API clarification - Githubissues

berceanu commented 10 years ago

I would like to solve the 2 coupled time-dependent PDEs from http://scicomp.stackexchange.com/questions/11772/numerical-approach-to-coupled-nonlinear-pdes-with-time-dependence/11782?noredirect=1#comment18452_11782 using ode45. I already have a working Fortran 90 code for this, based on the ode45 presented in Numerical Recipes. The plan is to add this to the examples section once finished. I find the last test in https://github.com/JuliaLang/ODE.jl/blob/master/test/runtests.jl to be a good starting point, as it has a system of 2 coupled equations. However, my case is more complicated because:

the unknown functions v and w (called psiX and psiC in my problem) are themselves (complex) matrices, defined on a finite grid.
the RHS function (t, y) -> f is more involved, as it depends on a number of constants like kp, omegap, and the matrix F(x,y)
the laplacian term \delta psiC on the RHS of the second eq. has to be taken care of spectrally, i.e. fourier transforming, multipliying by k^2 and transforming back.

The main issue here: is it possible to use the current API to implement this problem?
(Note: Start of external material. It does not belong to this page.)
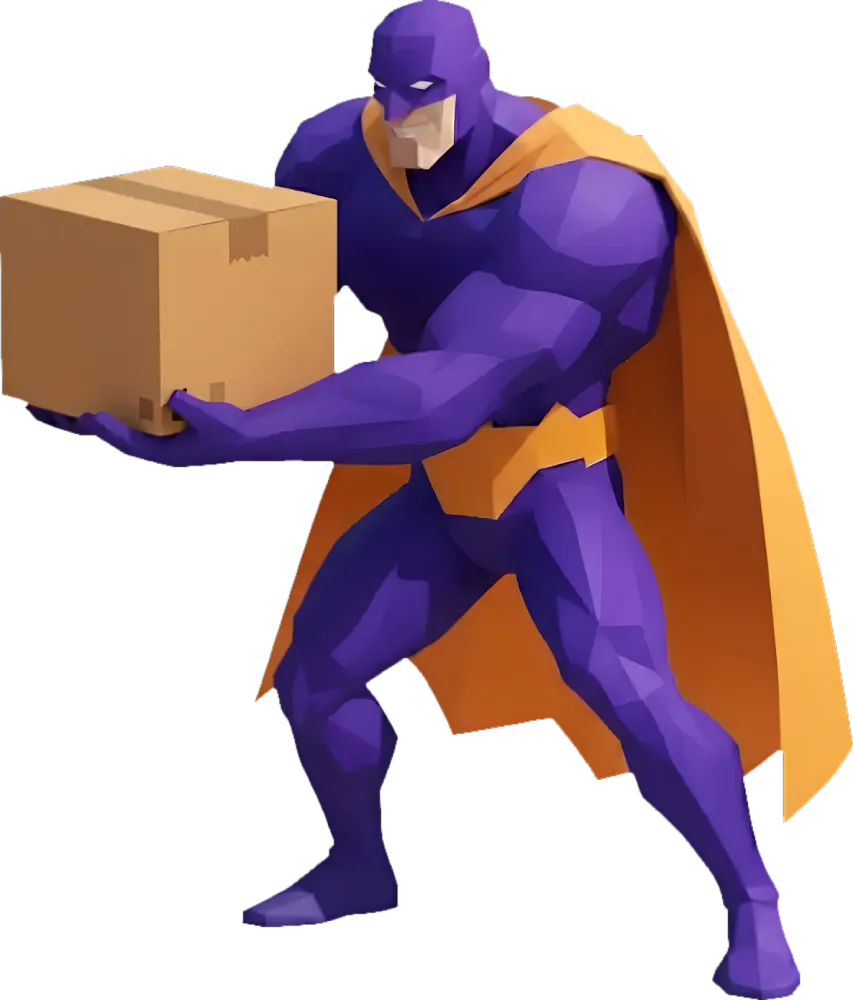 Lila Superheld mit Umhang, der eine Kiste in den Händen hält, in einem polygonalen Design.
If not, I am willing to contribute in improving the API, but would appreciate some guidance.

berceanu commented 10 years ago

Forgot to mention I also posted recently on the mailing list at https://groups.google.com/forum/#!topic/julia-users/td8QBHHjwkk, but that was before I discovered the existence of ODE.jl.

acroy commented 10 years ago

Spontaneously I would say that it should be possible, although it might not give the best performance at the moment. But it would be a great example and performance test!

Regarding your points:

You could, for example, reshape the two matrices into vectors (using vec and or reshape) and vcat them together to get a "super solution vector" which is passed to the RHS function. Therein you would have to extract the matrices from the vectors. Or you can define a custom type, which contains psiX and psiC as fields. If you implement the necessary functions (you will need a norm, +, -, multiplication with/division by scalars), you can use the new type directly (see also #14).
Your RHS function can basically be any function, as long as it returns an object of the same type as your initial condition. Say, you havefunction myrhs(t, x, params) ... end, and then you can use it with ode45 like so ode45((t,x)->myrhs(t,x,params), x0, tspan).
In your RHS function you can of course use FFT to calculate the action of the Laplacian. I guess you know about Base.fft et al?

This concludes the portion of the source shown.